Extracted records:
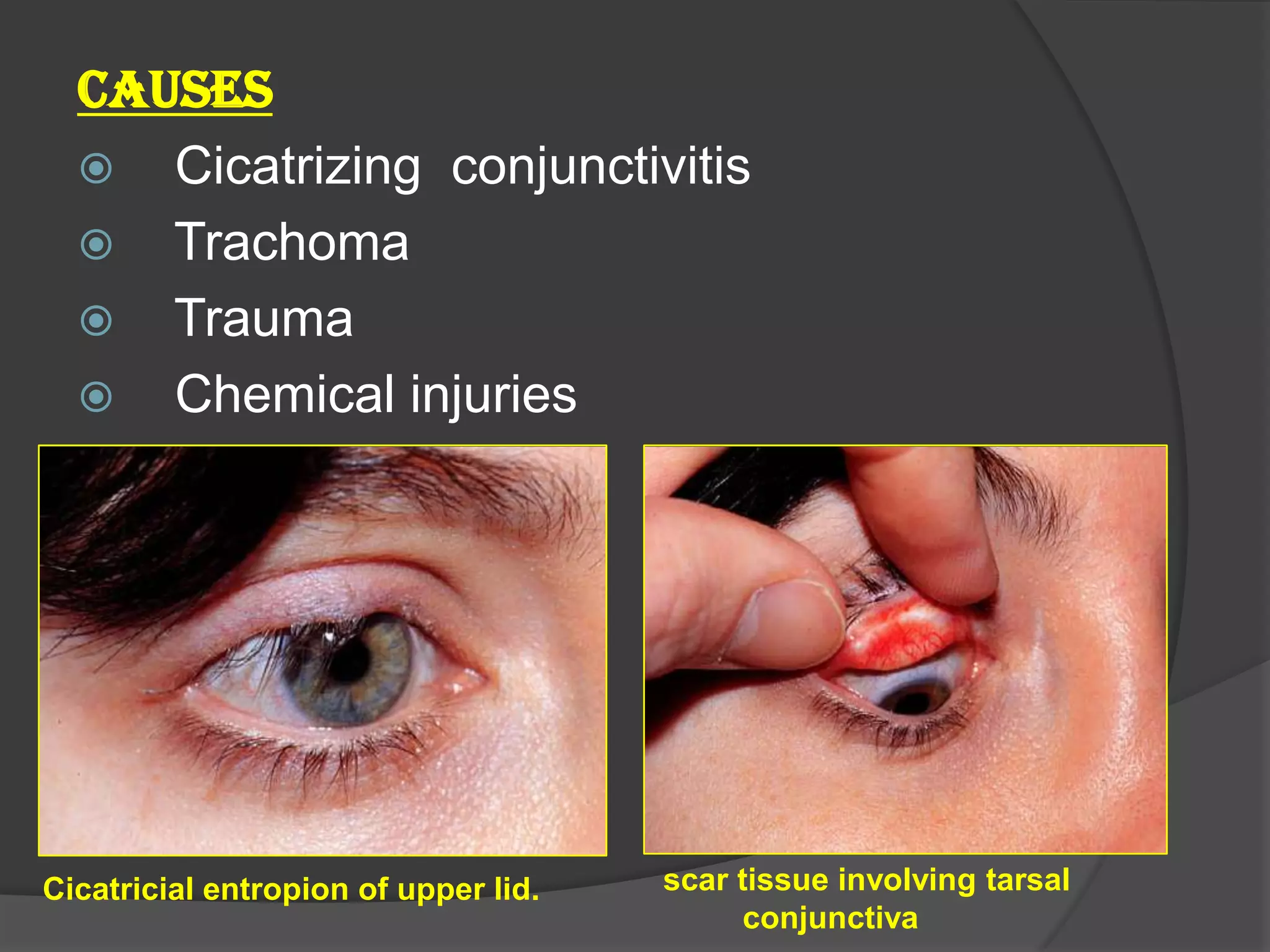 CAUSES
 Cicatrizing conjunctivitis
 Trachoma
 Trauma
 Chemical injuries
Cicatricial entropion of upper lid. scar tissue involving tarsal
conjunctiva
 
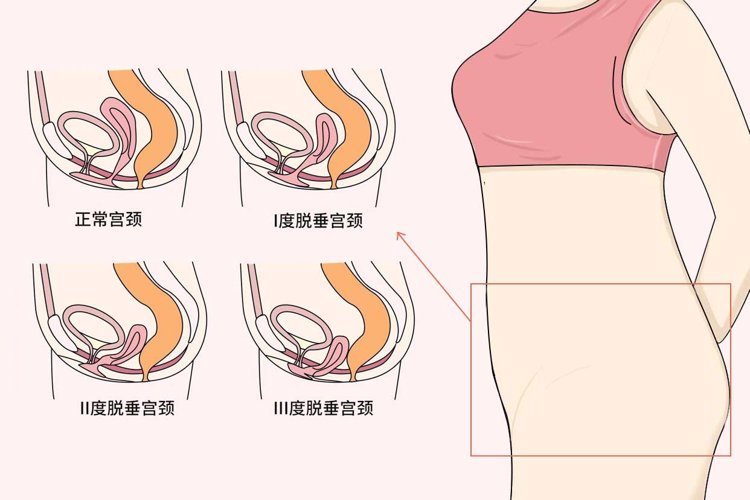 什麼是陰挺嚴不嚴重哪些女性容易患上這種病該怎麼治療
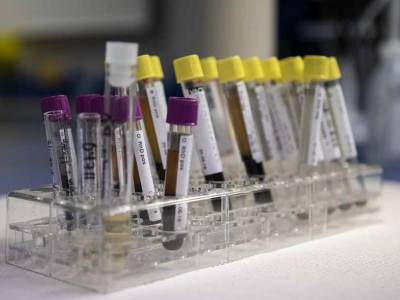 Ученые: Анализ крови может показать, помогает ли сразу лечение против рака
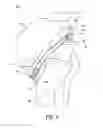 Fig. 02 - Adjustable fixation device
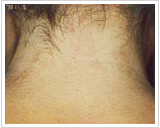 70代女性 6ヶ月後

Task brief =>
With the pictures removed, copy the data above word for word.

Solution for this task =>
 CAUSES
 Cicatrizing conjunctivitis
 Trachoma
 Trauma
 Chemical injuries
Cicatricial entropion of upper lid. scar tissue involving tarsal
conjunctiva
 
 什麼是陰挺嚴不嚴重哪些女性容易患上這種病該怎麼治療
 Ученые: Анализ крови может показать, помогает ли сразу лечение против рака
 Fig. 02 - Adjustable fixation device
 70代女性 6ヶ月後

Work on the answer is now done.